The Rochdale Borough Council has received over 100 letters, showing the disconformity of citizens towards this planning application. The reason for such a generalized opposition to the projects resides in the intention of carrying it out on a land which serves as a habitat for many animal species and plants.
Together with the objection letters, detractors have handed out an arboricultural survey, a protected species report and a habitat survey. Not being this enough, a Tree Preservation Order protects the land, issued by a local planning authority to protect natural environments, especially certain trees or groups of trees.
Some reports have been carried out to check the environmental viability of the project, especially after previous Japanese knotweed identification had taken place.
Apart from the reports already mentioned in this article, a protected species report has also been handed out. The report shows little to no activity of endangered species in the area. The species that concerned most the experts were, mainly, bats and badgers.
Bats presence, irrelevant
After a meticulous survey carried out in the area, experts have come to the conclusion that there is no presence of bats on the land (not emerging or entering). Moreover, the land has been considered to have only moderate potential to host roosting bats during the time the survey was carried out.
Bat activity has reported being from low to moderate. Experts have only found some specimens of the common variety “pipistrelle”, who is thought to be traveling from the south, directly to the north.
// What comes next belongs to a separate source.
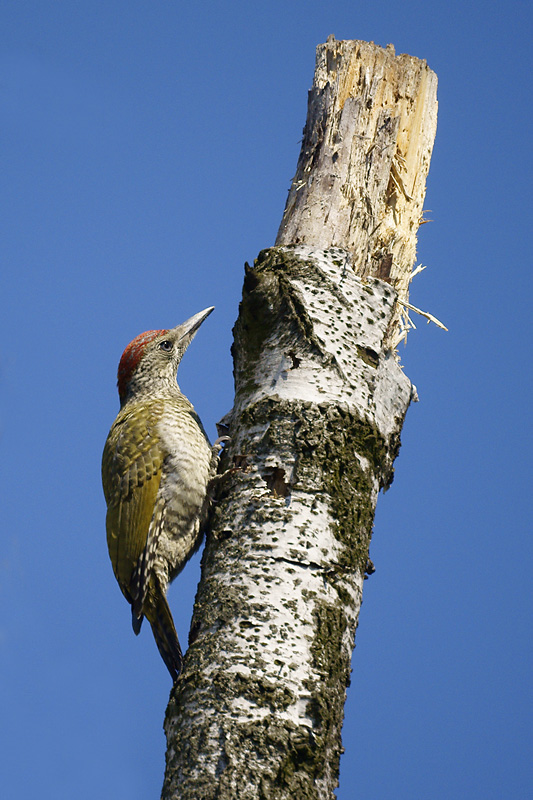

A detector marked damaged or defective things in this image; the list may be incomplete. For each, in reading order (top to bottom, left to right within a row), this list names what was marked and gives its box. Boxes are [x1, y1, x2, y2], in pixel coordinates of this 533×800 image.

Experts have also spotted one bad dropping in one shed, which gives evidence that these sheds are not used as a permanent roosting place, but on the contrary, they are only used occasionally.
No sign of badgers on the land
Regarding the presence of badgers, the report has shown no evidence of their presence in the area. The only proof of the badger presence in this area was the dead body of a badger found 10 years ago beneath a shed and the presence of some abandoned sheds. This only proves that this land served as home to these animals in the recent past, but enough time has passed to be safe to state that there are no badgers in this area.
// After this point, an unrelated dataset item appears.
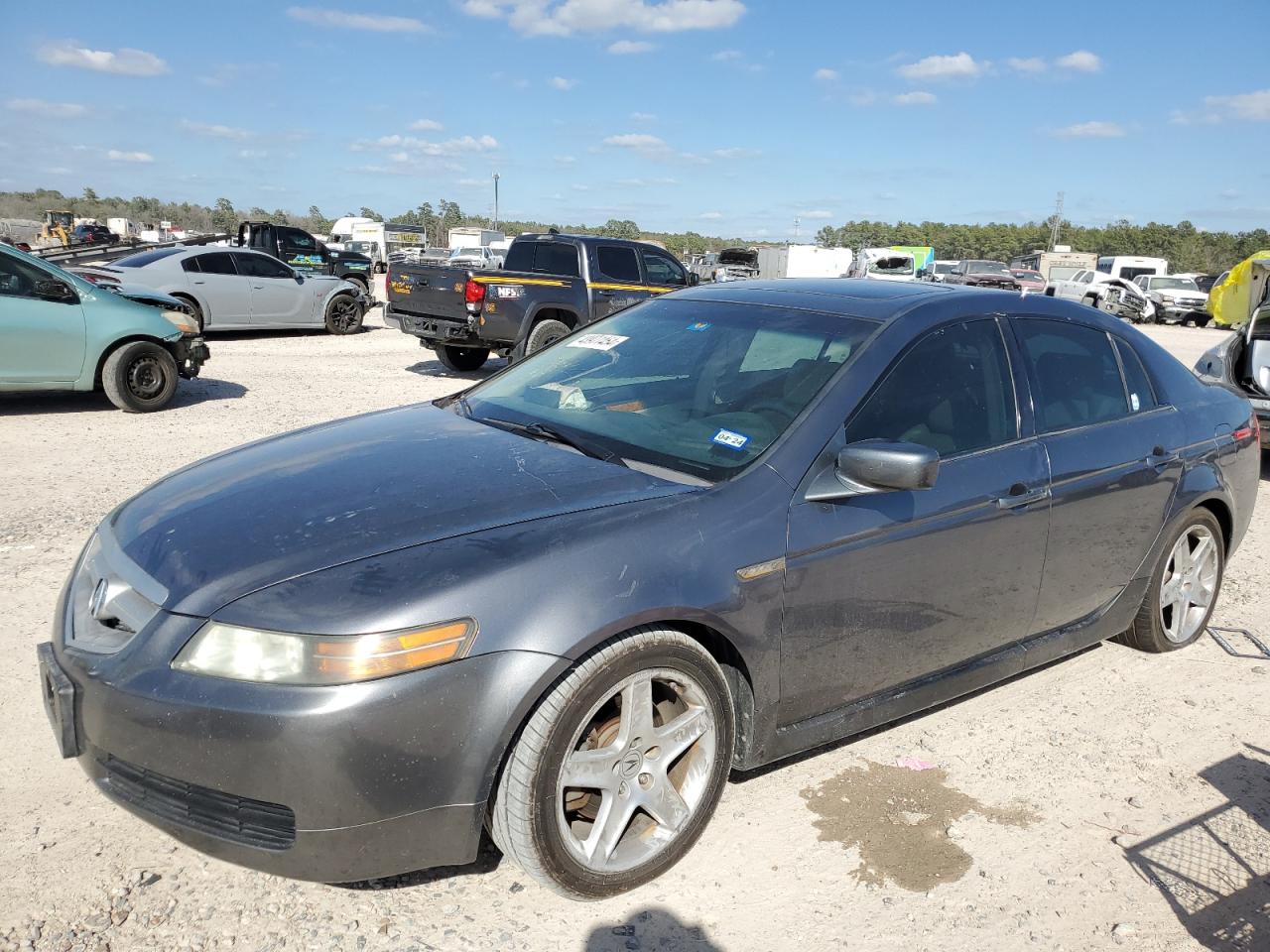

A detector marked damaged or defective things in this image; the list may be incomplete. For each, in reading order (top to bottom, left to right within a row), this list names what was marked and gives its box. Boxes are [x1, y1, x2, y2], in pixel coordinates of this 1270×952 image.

A Great Crested Newt spotted
The great crested newt is, among the three-existing species of newts, the largest one. These animals can grow up to 17cm in length. The reason why they are called “crested” is that male adults grow a jagged crest with goes from their head to the tip of their tail. These animals live across the lowland of Great Britain. They are internationally protected, and the number of specimens has considerably decreased at a high rate. One of these specimens has been spotted in the area where the 16 detached houses project is to take place.
More exactly, it has been spotted 2km from the construction area, near two ponds, which have been dismissed as a potential breeding place. Moreover, apart from this great crested newt specimen, experts have also found evidence of an invasive Japanese knotweed, which has to be removed by law.